Because, well, people here talk about software.
<=^)
Edit: Neat work, nonetheless.
I noted the "analyze" feature didn't seem as useful as it could be because the majority of the words are common articles and conjunctions. I'd like to see a version of analyze that filters out at least the following stop words: a, an, and, are, as, at, be, but, by, for, if, in, into, is, it, no, not, of, on, or, such, that, the, their, then, there, these, they, this, to, was, will, with
The system uses on purpose those simple words, since they are "tellers" of the style of the user in a context independent way. Burrows papers explain this very well, but in general we want to capture low-level structure, more than topics and exact non obvious words used. I tested the system with 10k words and removing the most common words, and you get totally different results (still useful, but not style matching), basically you get users grouped by interests.

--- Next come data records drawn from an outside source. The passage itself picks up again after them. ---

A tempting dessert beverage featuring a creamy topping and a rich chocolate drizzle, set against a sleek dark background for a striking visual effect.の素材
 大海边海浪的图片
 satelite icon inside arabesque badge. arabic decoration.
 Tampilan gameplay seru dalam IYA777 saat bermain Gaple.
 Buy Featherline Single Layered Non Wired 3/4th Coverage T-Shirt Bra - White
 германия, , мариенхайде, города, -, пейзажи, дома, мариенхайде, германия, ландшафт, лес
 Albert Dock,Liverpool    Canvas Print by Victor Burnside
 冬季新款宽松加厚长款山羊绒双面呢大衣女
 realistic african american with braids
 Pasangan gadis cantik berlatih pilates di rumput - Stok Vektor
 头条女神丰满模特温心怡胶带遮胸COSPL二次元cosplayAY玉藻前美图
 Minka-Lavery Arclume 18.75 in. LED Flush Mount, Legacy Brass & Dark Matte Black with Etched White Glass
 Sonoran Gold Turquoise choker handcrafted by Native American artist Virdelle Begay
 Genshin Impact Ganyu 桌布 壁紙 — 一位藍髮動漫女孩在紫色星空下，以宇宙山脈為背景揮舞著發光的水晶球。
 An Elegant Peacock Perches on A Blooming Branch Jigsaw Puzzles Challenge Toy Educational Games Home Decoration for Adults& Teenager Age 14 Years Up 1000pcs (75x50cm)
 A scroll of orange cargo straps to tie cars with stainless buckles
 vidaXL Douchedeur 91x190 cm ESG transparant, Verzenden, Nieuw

>The system uses on purpose those simple words, since they are "tellers" of the style of the user in a context independent way.
Yes, that's good! I didn't state my interest clearly, though. I'd like to see the "analyze" result with the stop words excluded, not for the style comparison part, but for the reasons you state and others.
I think grouping users by interests would be a more interesting application. Most users don't have multiple accounts, but everyone probably shares some interests with other users, whom they might enjoy discovering.
Pretty sure the point here is to demonstrate how governments or other surveillance orgs can easily find your alt accounts even if you use Tor or any number of security tools.
That seems to be a misconception.
The usage frequency of simple words is a powerful tell.
I can understand the nuance of your assertion, but looking at the data returned by these results suggests it's not really all that powerful at all.
There are so many people that write like me apparently, that simple language seems more like a way to mask yourself in a crowd.
You can definitely mask writing style. If you can do that only by using simple words, I am not so sure.
Indeed, some writing styles make frequent use of words like "that" and "just".